Längsschnittdaten aus zahlreichen Studien belegten, dass eine längere und intensivere Nutzung sozialer Medien mit Risikofaktoren für die Entwicklung von Essstörungen bei jungen Usern einhergeht. Das gehe vor allem über „Plattformen mit einer starken Bildsprache“, etwa TikTok oder Instagram. „Sie sind prädestiniert dafür, bestimmte Körperideale zu vermitteln.“

Hungern für mehr Likes: „Ich bin nur wertvoll, wenn ich dünn bin“

Gerade junge Menschen in ihrer Findungsphase würden einem Körperideal hinterhereifern, um dazuzugehören. „In diesem Bereich der Selbstoptimierung setzen sich junge Menschen stark unter Druck“, sagt Giel und schildert, dass Jugendliche deshalb ihr Essverhalten verändern würden. Getreu dem Motto „Ich bin nur wertvoll, wenn ich dünn bin“, wie Giel sagte.

Essstörungen entwickeln sich in der Jugend. Die drei relevantesten Erscheinungen sind Magersucht („Anorexia nervosa“), Ess-Brech-Sucht („Bulima nervosa“) und die Binge-Eating-Störung mit regelmäßigen Essattacken. „Das sind schwere psychische Erkrankungen, die eine Psychotherapie erfordern“, sagt Giel. Zur Entstehung tragen Persönlichkeitseigenschaften wie niedriger Selbstwert, Perfektionismus und soziale Ängstlichkeit in Kombination mit biologischen und gesellschaftlichen Faktoren bei. „Zu letzterem zählen auch die sozialen Medien“, so Giel.

Allen voran junge Mädchen und Frauen hadern mit ihrem Körper – was von sozialen Medien begünstigt werden kann. © IMAGO/Pond5 Images/IMAGO/HalfPoint Images (Collage Symbolbild)

Verzicht auf Social Media kann Essstörungssymptome reduzieren

Giel sagt aber auch: „Essstörungen sind komplexe psychische Erkrankungen, deren Entstehung auf verschiedene Faktoren zurückzuführen ist.“ Es wäre daher sehr vereinfacht, soziale Medien allein dafür verantwortlich zu machen. Instagram oder TikTok könnten aber Essstörungen begünstigen – und ein Verzicht auf Social Media daher heilend wirken, wie die Uni Tübingen in einer aktuellen Pilotstudie berichtet. „Wenn Studentinnen und Studenten auf soziale Medien verzichten, reduzieren sich die Essstörungssymptome signifikant“, so Giel.

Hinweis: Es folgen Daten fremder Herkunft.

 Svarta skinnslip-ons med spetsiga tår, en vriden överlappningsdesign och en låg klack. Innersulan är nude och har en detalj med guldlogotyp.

Neue Studie: Mediensucht seit 2019 fast verdoppelt

In dieser Woche wurde auch eine weitere neue Studie zum Nutzungsverhalten sozialer Medien veröffentlicht. Laut einer Erhebung der Krankenkasse DAK-Gesundheit hat sich die digitale Mediensucht bei Kindern und Jugendlichen seit 2019 fast verdoppelt. Sechs Prozent der Zehn- bis 17-Jährigen – rund 360.000 – erfüllen derzeit die Kriterien eines Suchtverhaltens bei der Nutzung sozialer Medien.

Der Anteil der Kinder und Jugendlichen mit einer Social-Media-Sucht verdoppelte sich damit während und nach der Pandemie von 3,2 auf 6,1 Prozent nahezu. Zudem nutzt mit 24,5 Prozent jedes vierte Kind soziale Medien auf riskante Art und Weise. Das sind hochgerechnet insgesamt 1,3 Millionen Mädchen und Jungen und dreimal so viele wie noch vor vier Jahren, als dieser Anteil bei 8,2 Prozent lag.

Kinder und Jugendliche verbringen der Studie zufolge an einem normalen Wochentag durchschnittlich 150 Minuten in sozialen Netzwerken. 2019 waren es 123 Minuten. Am Wochenende sind es mit 224 Minuten sogar mehr als dreieinhalb Stunden, nach 191 Minuten im Jahr 2019. Die Forschung zu Essstörungen kann sich an solchen Erhebungen orientieren, denn auch andere negative Auswirkungen durch Social Media wurden durch die Studie deutlich. Wie die Untersuchung zeigt, berichten Mädchen und Jungen mit einer problematischen Social-Media-Nutzung häufiger von depressiven Symptomen, mehr Ängsten und einem höheren Stresslevel als unauffällige User.